Son dört yıldır LockBit fidye yazılımı grubu, dünya çapında binlerce işletmeye, okula, tıbbi tesise ve hükümete saldırarak ve bu süreçte milyonlar kazanarak aralıksız bir saldırı gerçekleştiriyor. Bir çocuk hastanesi, Boeing, İngiltere’nin Royal Mail’i ve sandviç zinciri Subway’in hepsi yakın zamanda kurbanlar oldu.
Ancak LockBit’in hackleme kampanyası ciddi bir durma noktasına geldi. Birleşik Krallık Ulusal Suç Teşkilatı (NCA) polisi tarafından yürütülen ve dünya çapında 10 kuvvetten araştırmacının katıldığı kapsamlı bir kolluk kuvvetleri operasyonu, fidye yazılımı grubuna sızdı ve sistemlerini çevrimdışına aldı.

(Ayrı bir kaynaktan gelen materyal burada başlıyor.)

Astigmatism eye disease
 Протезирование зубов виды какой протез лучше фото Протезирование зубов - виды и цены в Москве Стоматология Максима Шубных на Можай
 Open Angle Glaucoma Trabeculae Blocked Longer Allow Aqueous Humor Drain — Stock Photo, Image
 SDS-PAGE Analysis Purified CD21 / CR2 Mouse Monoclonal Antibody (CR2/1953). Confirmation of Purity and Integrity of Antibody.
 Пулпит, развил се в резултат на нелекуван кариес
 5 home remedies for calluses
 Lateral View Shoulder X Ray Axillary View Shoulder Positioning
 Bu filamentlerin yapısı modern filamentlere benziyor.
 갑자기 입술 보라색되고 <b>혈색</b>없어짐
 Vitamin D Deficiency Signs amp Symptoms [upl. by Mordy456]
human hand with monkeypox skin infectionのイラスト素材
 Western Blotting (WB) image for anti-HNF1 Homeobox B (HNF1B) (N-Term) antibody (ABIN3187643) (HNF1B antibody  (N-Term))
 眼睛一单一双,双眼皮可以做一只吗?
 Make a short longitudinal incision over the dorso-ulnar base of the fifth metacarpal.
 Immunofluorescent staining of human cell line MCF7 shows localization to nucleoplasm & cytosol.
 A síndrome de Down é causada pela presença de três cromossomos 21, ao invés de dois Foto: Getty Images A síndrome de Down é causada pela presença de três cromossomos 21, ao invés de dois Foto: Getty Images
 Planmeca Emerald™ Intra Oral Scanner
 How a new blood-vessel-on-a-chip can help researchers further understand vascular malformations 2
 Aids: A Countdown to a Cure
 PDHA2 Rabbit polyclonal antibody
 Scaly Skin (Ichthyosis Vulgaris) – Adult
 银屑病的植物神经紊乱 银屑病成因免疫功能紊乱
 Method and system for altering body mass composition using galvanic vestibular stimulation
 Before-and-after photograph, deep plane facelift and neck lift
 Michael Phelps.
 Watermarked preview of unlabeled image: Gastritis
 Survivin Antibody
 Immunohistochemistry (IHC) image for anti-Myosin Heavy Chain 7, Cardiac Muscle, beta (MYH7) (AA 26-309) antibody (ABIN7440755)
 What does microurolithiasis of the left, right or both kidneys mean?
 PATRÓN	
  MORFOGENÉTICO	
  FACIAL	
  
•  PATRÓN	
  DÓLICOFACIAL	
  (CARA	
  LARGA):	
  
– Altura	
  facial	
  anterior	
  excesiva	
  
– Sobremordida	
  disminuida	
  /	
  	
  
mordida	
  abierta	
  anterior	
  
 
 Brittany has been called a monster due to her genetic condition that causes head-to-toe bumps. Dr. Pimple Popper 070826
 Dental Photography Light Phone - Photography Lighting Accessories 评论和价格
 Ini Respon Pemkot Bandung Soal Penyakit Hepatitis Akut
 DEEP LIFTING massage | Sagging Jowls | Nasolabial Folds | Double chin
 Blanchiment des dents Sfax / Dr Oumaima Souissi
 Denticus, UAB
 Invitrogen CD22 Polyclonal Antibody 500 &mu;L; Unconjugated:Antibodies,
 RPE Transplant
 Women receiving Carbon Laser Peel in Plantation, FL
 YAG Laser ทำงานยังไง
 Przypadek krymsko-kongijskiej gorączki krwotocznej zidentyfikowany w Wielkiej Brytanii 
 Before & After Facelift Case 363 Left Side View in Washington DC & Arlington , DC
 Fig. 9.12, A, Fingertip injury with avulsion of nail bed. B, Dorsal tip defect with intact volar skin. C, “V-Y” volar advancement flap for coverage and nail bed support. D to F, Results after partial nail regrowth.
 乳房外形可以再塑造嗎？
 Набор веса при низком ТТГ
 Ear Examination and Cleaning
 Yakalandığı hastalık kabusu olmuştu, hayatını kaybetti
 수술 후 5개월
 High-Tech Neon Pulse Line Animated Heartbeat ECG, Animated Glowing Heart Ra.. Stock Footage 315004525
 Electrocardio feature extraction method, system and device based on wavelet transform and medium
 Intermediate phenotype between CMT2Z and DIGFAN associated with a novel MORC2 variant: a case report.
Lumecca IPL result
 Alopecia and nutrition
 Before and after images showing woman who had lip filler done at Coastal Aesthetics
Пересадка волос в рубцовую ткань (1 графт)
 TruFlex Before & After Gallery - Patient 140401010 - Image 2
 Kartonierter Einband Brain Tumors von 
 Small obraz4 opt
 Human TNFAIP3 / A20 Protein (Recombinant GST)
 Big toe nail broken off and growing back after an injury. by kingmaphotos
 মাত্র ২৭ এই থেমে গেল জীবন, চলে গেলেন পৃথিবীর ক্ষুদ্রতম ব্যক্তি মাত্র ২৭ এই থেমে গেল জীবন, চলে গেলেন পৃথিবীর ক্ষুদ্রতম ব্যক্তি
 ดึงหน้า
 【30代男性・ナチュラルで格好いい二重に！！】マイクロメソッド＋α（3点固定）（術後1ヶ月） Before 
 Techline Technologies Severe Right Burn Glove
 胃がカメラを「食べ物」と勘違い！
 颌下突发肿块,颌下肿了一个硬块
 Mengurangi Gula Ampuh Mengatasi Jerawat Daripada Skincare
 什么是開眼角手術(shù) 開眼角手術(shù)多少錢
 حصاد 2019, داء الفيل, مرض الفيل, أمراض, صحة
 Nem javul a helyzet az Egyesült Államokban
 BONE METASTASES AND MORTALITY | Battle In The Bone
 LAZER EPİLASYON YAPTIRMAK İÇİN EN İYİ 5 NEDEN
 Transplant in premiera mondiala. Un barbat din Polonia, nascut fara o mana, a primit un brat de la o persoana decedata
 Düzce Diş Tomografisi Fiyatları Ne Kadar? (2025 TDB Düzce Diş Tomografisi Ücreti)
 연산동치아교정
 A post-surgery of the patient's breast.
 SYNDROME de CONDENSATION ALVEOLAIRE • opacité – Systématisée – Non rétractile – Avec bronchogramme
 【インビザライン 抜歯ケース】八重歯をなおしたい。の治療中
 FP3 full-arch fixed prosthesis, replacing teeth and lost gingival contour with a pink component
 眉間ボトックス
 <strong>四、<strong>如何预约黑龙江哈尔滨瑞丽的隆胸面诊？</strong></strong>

NCA’nın genel müdürü Graeme Biggar, grubun “temelden bozulduğunu” söylüyor. “Cronos Operasyonu” adı verilen kolluk kuvvetleri operasyonu, LockBit’in altyapısının ve yönetim sisteminin kontrolünü ele geçirdi, karanlık web sızıntı sitesine el koydu, kaynak koduna erişti, yaklaşık 11.000 alan adı ve sunucuya el koydu ve grup üyelerinin ayrıntılarını ele geçirdi. FBI ve Europol’den kolluk kuvvetleriyle birlikte Londra’da düzenlediği basın toplantısında Biggar, “Bugün itibarıyla LockBit fiilen gereksiz” dedi. “Hackerları hackledik” diyor.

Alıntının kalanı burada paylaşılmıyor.